The actuating body has a proximal end 14 and a distal end 16. The actuating body has a generally round tubular configuration, with an exterior surface 18, an interior surface 20, and a width there between. The exterior surface has a pair of wedge shaped recesses 22 located adjacent the proximal end, and an inlet recess 24 located on the proximal end. Adjacent is taken to mean that the wedge shaped recesses are near the proximal end, whereas the inlet recess is on the proximal end.

The actuating body has a pair of locking pin holes 26 therethrough, with each locking pin hole having an associated locking pin 28. The actuating body has three threaded assembly screw holes (not shown, but well known in the art) in the distal end.

The locking pin holes pass through the actuating body in a secant orientation. Secant orientation means that the locking pin holes are not both located on a line which passes through the center of the actuating body.

There is an internal guide 30. The internal guide is fabricated of a rigid material. The internal guide is configured to be slidably received within the interior surface of the actuating body. The internal guide has a proximal end 32 and a distal end 34. The internal guide has a generally round solid configuration with an external surface 36. The internal guide has four external push rod holes 38, four internal push rod holes 40, and a centrally located central push rod hole 42.

The four external push rod holes are annularly located, running from the proximal end of the internal guide to the distal end of the internal guide. The four external push rod holes are located a first distance from the central push rod hole. The four external push rod holes each have a first internal diameter.

The four internal push rod holes are annularly located running from the proximal end of the internal guide to the distal end of the internal guide. The four internal push rod holes are located a second distance from the central push rod hole. The first distance being greater than the second distance. The four internal push rod holes each have a second internal diameter. The first internal diameter is greater than the second internal diameter.

The internal guide central push rod hole has a third internal diameter. The third internal diameter is greater than the first internal diameter.

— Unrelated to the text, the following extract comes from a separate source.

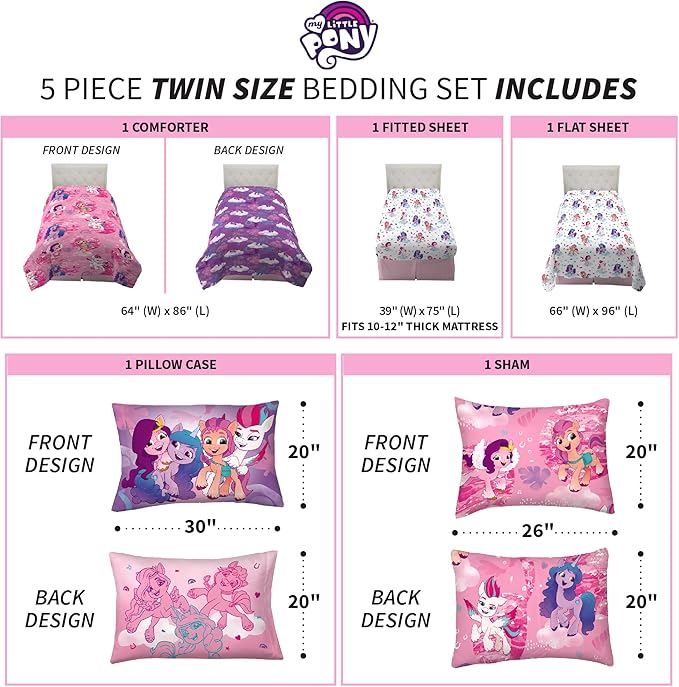 Franco Kids Bedding Super Soft Comforter and Sheet Set with Sham, 5 Piece Twin Size, My Little Pony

There is a central push rod assembly 50 located within the central push rod hole of the internal guide. The central push rod assembly comprises a distal central push rod 52 and a proximal central push rod 54. The distal central push rod and the proximal central push rod each have a fourth external diameter.

The distal central push rod has a round solid straight shaft configuration with a proximal end 56 and a distal end 58. The distal central push rod has a stop flange 60. The stop flange is located adjacent the proximal end of the distal central push rod. The stop flange is sized to be slidably received within the third internal diameter of the internal guide central push rod hole.

The stop flange has a fifth external diameter, with the fifth external diameter being greater than the fourth external diameter of the proximal central push rod.

The proximal central push rod comprises a round solid straight shaft configuration with a proximal end 62 and a distal end 64.

The proximal central push rod has a distal sleeve 66 and a proximal sleeve 68. The proximal sleeve has a round tubular configuration. The proximal sleeve has a first length, with a push rod hole 70 there through. The proximal sleeve push rod hole is sized to be greater than the fourth external diameter, less than the fifth external diameter, and sized to slideably receive the proximal central push rod within the proximal sleeve push rod hole.

The proximal central push rod distal sleeve has a round tubular configuration with a second length with a push rod hole 72 therethrough. The distal sleeve push rod hole has a stepped 74 internal diameter, with the push rod hole of the proximal end of the distal sleeve being sized to slidably receive the fourth external diameter of the proximal push rod, and the push rod hole of the distal end of the distal sleeve being sized to slidably receive the fifth external diameter of the end stop flange of the distal end of the proximal central push rod.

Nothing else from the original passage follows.